- Kubernetes HPA combines recommendations (calculating the desired replicas) and executions (adjusting the number of replicas) to set the number of replicas by the HPA controller. However, we have seen more and more operator-based applications in a Kubernetes cluster. Kubernetes HPA is not suitable to auto-scale operator-based applications. And users may need only recommendations and run customized executions separately.
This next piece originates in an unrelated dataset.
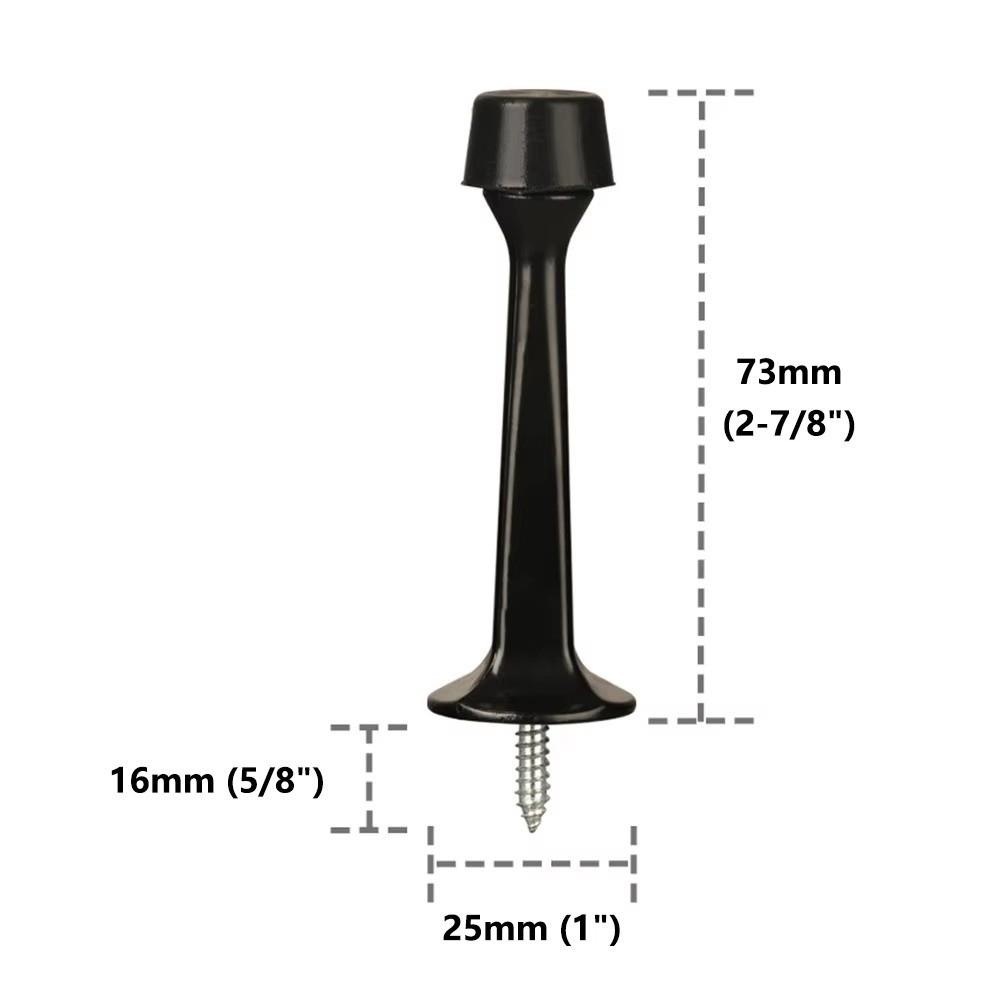 2pcs Simple Zinc Alloy Door Stopper Rubber Safety Buffer Damper Wall Mount Durable Wall Door Protector Home Hardware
- If metrics are not chosen appropriately to calculate desired replicas, adverse effects on performance might happen. Users need to take extra care to find a proper metric by trial and error.
In this article, we would like to show that the Native Kubernetes HPA algorithm (K8sHPA mechanism) results in modest saving and much larger lags (latency). Federator.ai from ProphetStor uses Machine Learning technologies to predict and analyze the Kafka workload, and then Federator.ai recommender recommends the number of consumers, considering the benefit and cost with the adjustment. We can achieve much better performance (reduced latency) and use much fewer resources (reduced consumers in Kafka), all without changing the K8sHPA mechanism or a line of code of Kafka. Therefore, users can exploit Federator.ai’s recommendations and customize their executions more flexibly.
In general, a topic accumulates lags at the beginning stage when producers send messages. The consumers then reduce the lags in a topic. Kubernetes HPA periodically checks the value of lags and determines the number of consumers in a monitored consumer group according to the equation (1). It may scale up or down the number of consumers drastically based ONLY on the observed currentMetricValue. However, when adding or deleting consumers in the group, the cluster will start to rebalance and re-assign the topic’s partitions for consumers . During a rebalance, consumers cannot consume messages, and some partitions may be moved from one consumer to another.
After the rebalance, each consumer may be assigned a new set of partitions. If the committed offset in the new partitions is smaller than the offset of the latest messages that the client processed, the messages between the last processed offset and the committed offset will be processed twice. If the committed offset in the new partitions is larger than the offset of the latest messages that the client processed, all messages between the last processed offset and the committed offset will be missing. Consumers need to take additional time to handle the above issues. The additional time and resources needed are called auto-scaling cost.
The Kubernetes HPA controller determines the number of consumers based on the current value of lags without considering the auto-scaling cost. It may increase many consumers at the next time interval, but these new consumers may only be created and come to be effective 30 seconds later, due to the rebalance. The fluctuation in creating/deleting consumers might not be effective and will result in added lags (queue length), which is not desirable for the operation of the Kafka application.
How ProphetStor’s Federator.ai Helps
Users can use Kafka consumer API  or Kafka client tools to make up a consumer group by using a deployment in a Kubernetes cluster . Each consumer in the consumer group can be connected with external services, such as MySQL or Elasticsearch, by custom Kafka connectors . We have devised Federator.ai cost functions to recommend the best auto- scaling interval to reduce the auto-scaling cost. In addition, Federator.ai recommends the best number of consumers according to the total of the benefits of HPA and cost functions during the execution so that the system manager can focus on what they do best and enjoy much-reduced cost with improved performance.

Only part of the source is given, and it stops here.